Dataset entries
● ● ●

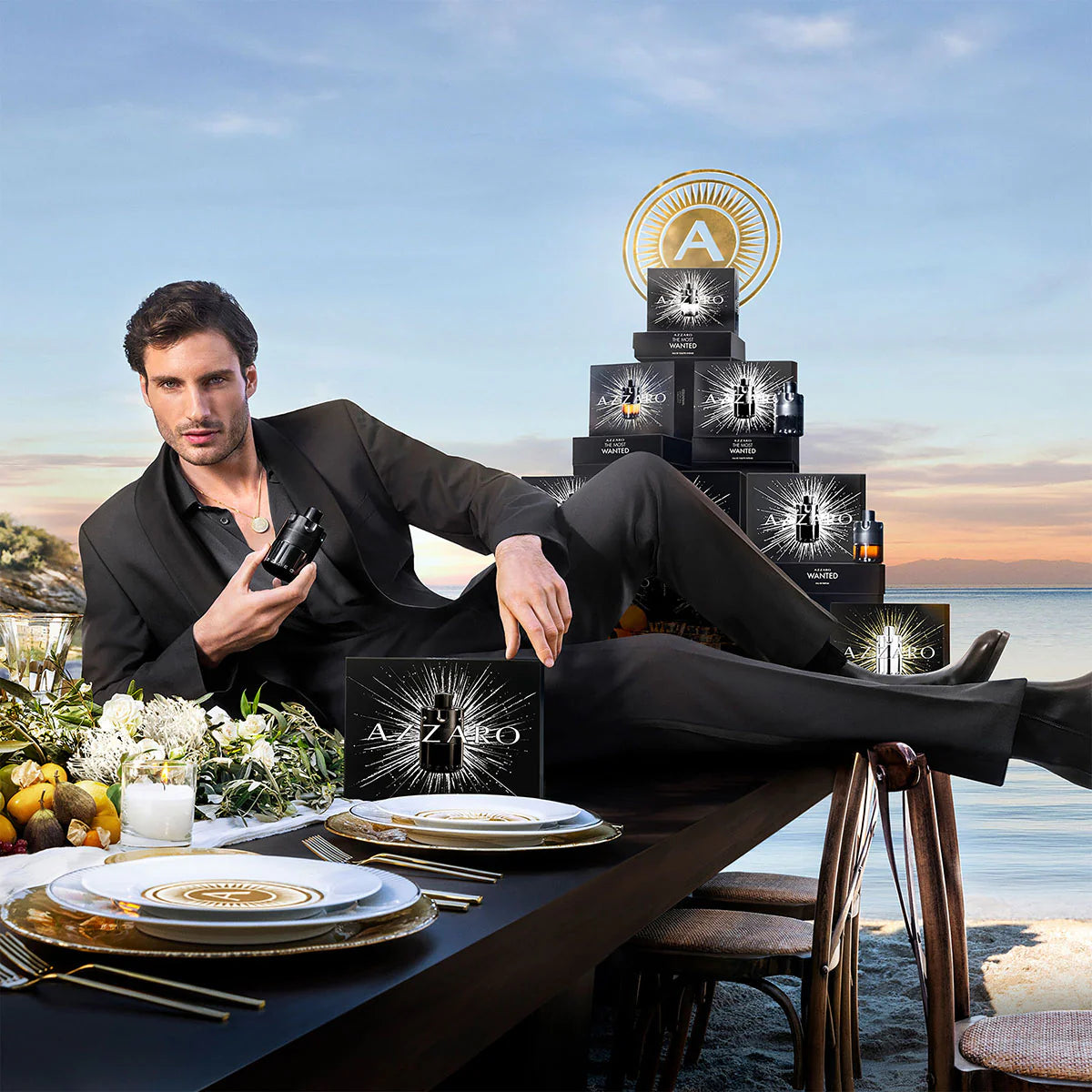 Man in formal attire sitting at a table with Azzaro product packaging in the background
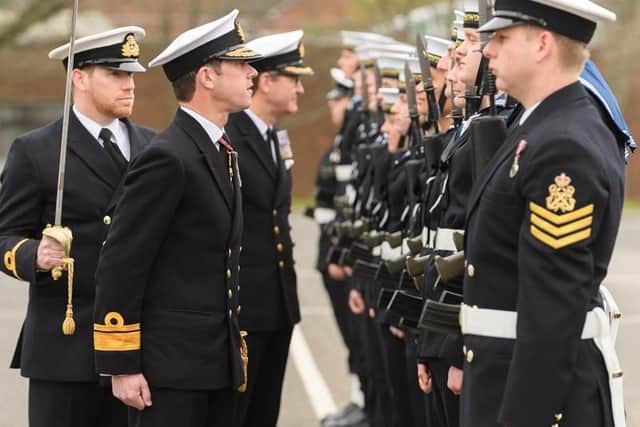 Rear Admiral Will Warrender, flag officer sea training, inspected the ceremonial guard at HMS Collingwood. Photo: Keith Woodland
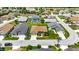 An aerial view shows a charming neighborhood with manicured lawns, lush landscaping, and community pool at 24512 Bramhope Ct, Punta Gorda, FL 33980
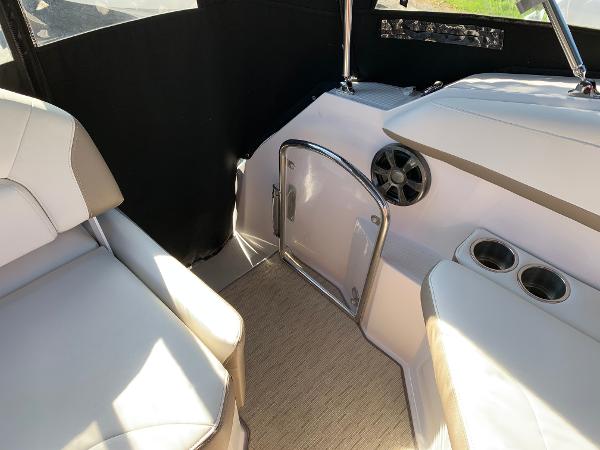 Interior of a 2017 Regal 26 Express with beige seating and a speaker.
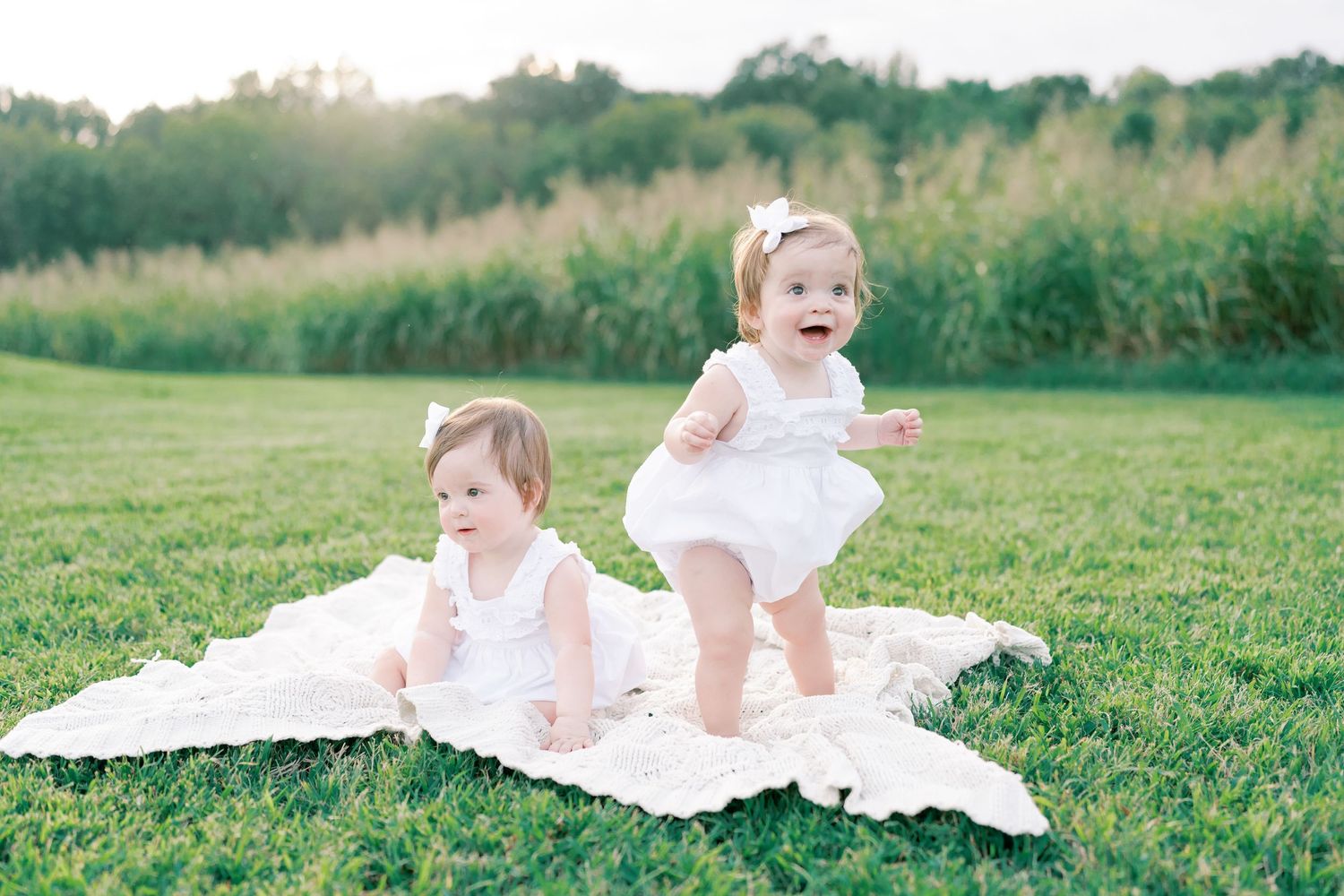 Baby in white dress crawling on blanket in grassy field.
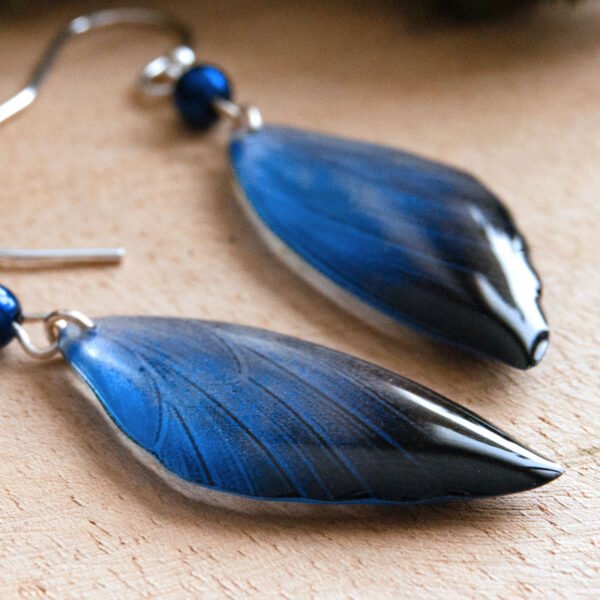 Gros plan des boucles d’oreilles ailes de fée Cléophée en résine bleu translucide et perle nacrée.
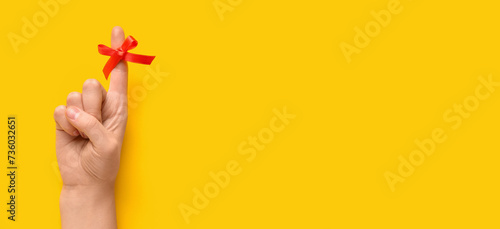 Female hand with red bow on index finger against yellow background with space for text. Reminder concept photo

● ● ●

WORK REQUEST: Give an exact copy of the line containing "Baby in white" and every line after it through the end of the entries. Pictures are to be dropped.

YOUR RESPONSE:
 Baby in white dress crawling on blanket in grassy field.
 Gros plan des boucles d’oreilles ailes de fée Cléophée en résine bleu translucide et perle nacrée.
 Female hand with red bow on index finger against yellow background with space for text. Reminder concept photo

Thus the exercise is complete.